====== DATA ======

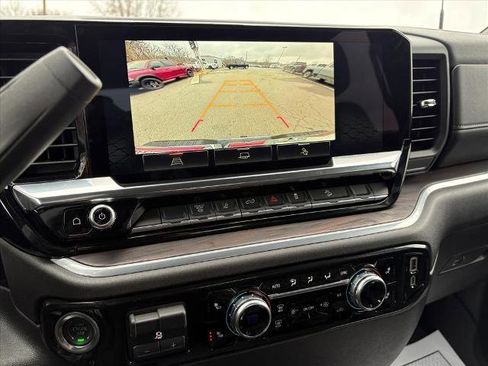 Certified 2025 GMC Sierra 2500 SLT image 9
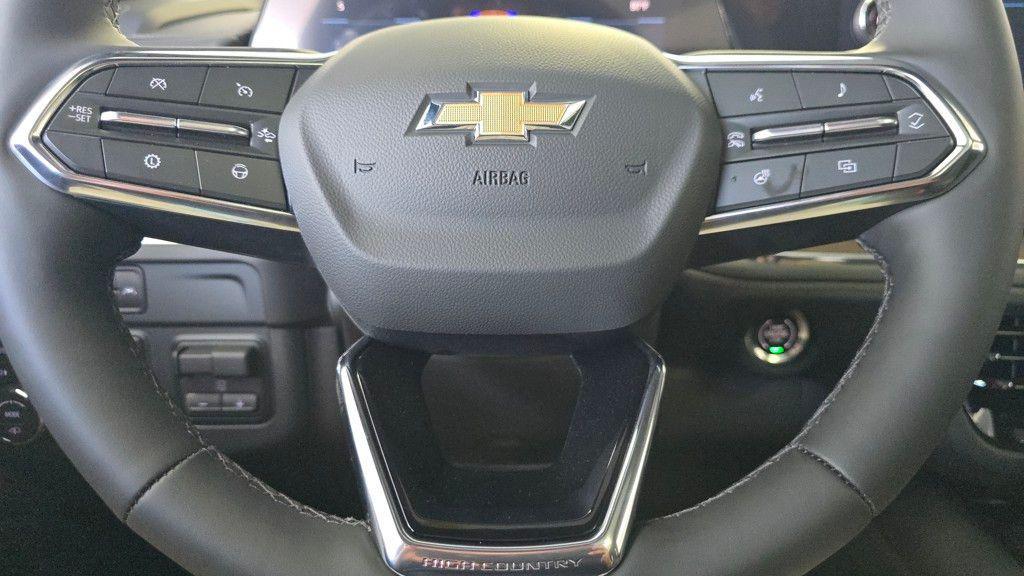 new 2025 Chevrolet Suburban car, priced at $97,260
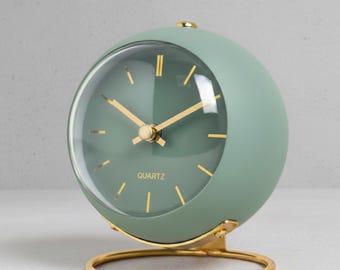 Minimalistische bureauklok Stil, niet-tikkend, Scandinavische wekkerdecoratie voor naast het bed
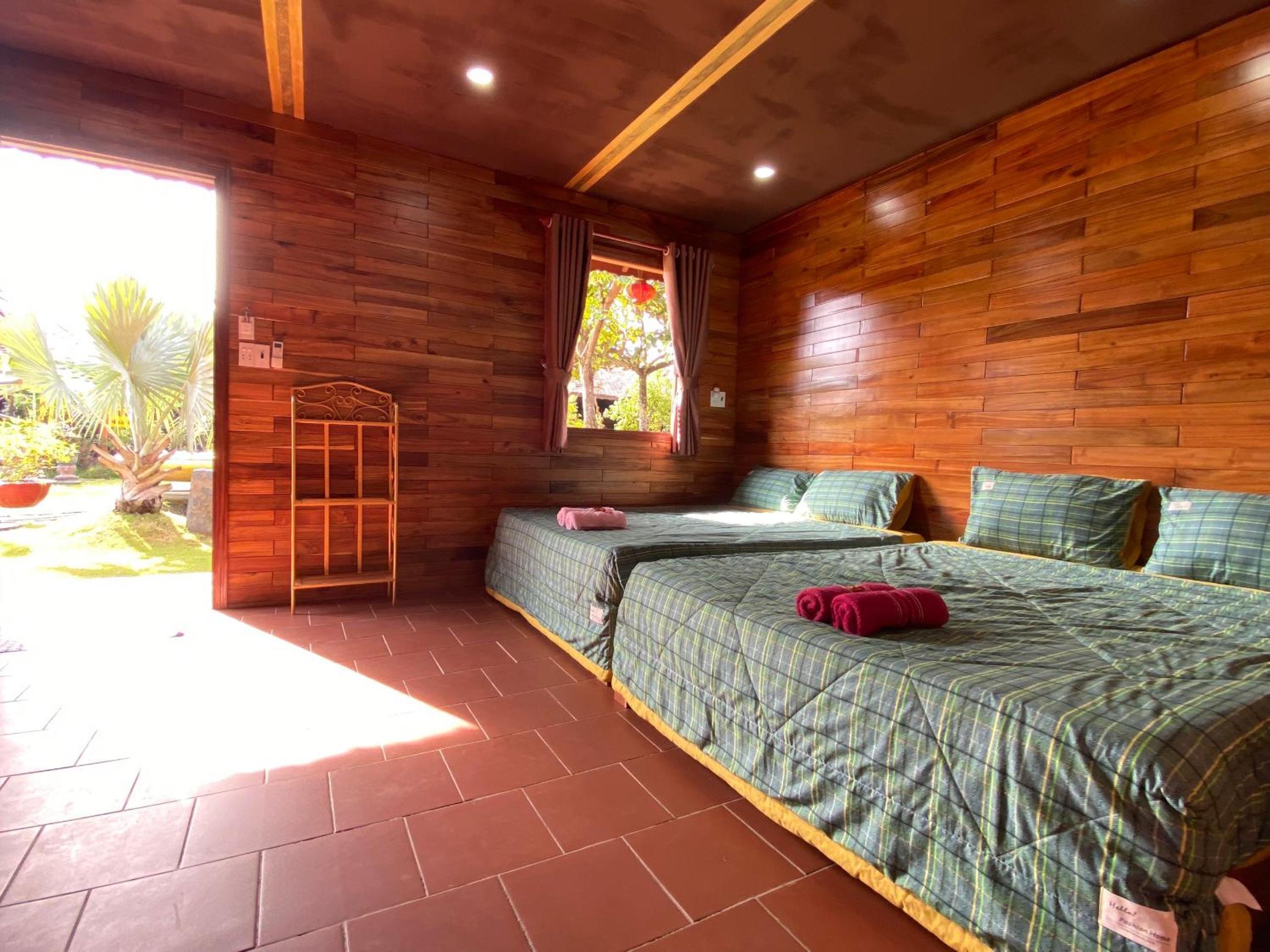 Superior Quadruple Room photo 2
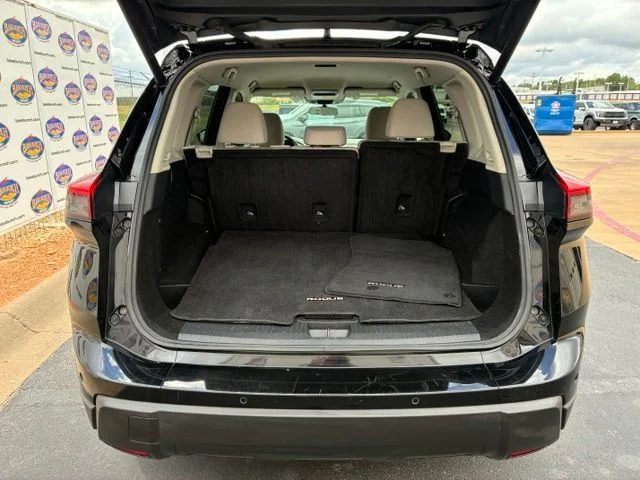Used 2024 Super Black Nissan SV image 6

======

- EXERCISE DESCRIPTION:
Images are to be excluded, and each record above written out word for word.

- WRITTEN REPLY:
 Certified 2025 GMC Sierra 2500 SLT image 9
 new 2025 Chevrolet Suburban car, priced at $97,260
 Minimalistische bureauklok Stil, niet-tikkend, Scandinavische wekkerdecoratie voor naast het bed
 Superior Quadruple Room photo 2
Used 2024 Super Black Nissan SV image 6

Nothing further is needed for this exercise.